Şimdi Saray iktidarının hedefinde işçilerin, emekçilerin kazanılmış hakları var. Güvencesiz, sigortasız, kıdem ve ihbar tazminatsız işçi çalıştırmanın önünü açmanın yolunu arıyor Saray iktidarı. Hedefine ulaşabilirse iktidar işçilerin işe iade davası açmasını dahi yasaklayacak.

Türk Tabipleri Birliği, meslek odaları da iktidarın tehdidi altında. Örgütlü toplumu dümdüz etmek istiyor Saray iktidarı. Hepsini iktidarın kulu kölesi yapmak istiyor.

Ankara’nın yolunu HDP bütün engellemelere karşın sonuna kadar açtı. Ardından baro başkanları Ankara’nın kapısına dayandı. Sırada kazanılmış haklarına göz dikilen işçiler, emekçiler; örgütleri etkisizleştirilmek istenen sağlık emekçileri, mimarlar, mühendisler var.

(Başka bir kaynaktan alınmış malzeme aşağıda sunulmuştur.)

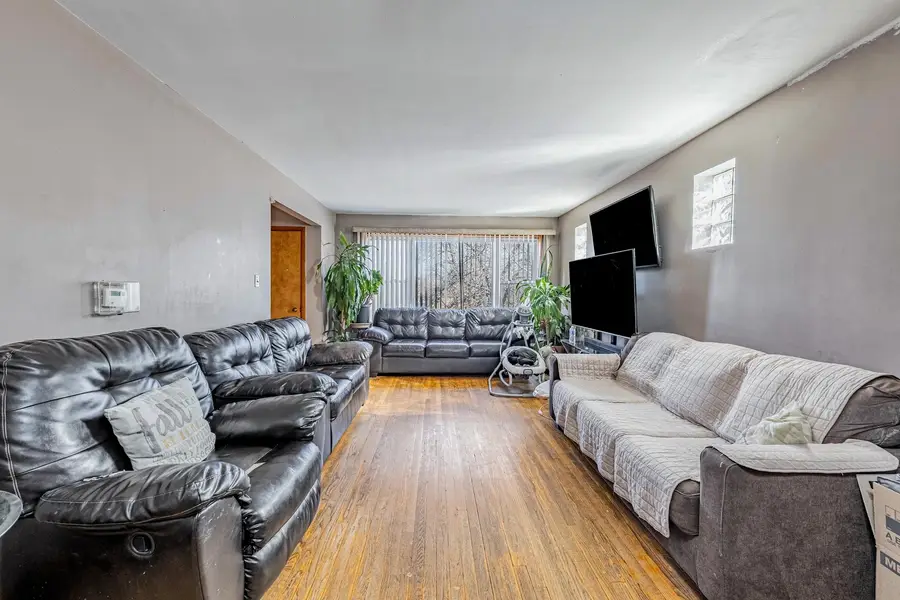 5507 W Diversey Avenue, Chicago, IL 60639 - #2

Aslında Saray kendi ayağına kurşun sıktı. Parlamentoyu etkisizleştirerek, Türkiye’nin pek alışkın olmadığı farklı zeminlerde hak arama yöntemlerini daha da meşrulaştırdı.

İlk adımı HDP attı. Ardından baro başkanları Ankara’nın kapısına dayandı. Sırada bekleyen çok farklı toplum kesimleri var. Saray’ın korktuğu başına geliyor. Her mağdur ettiği kesim "Bekle bizi Ankara" diye yola çıkacak.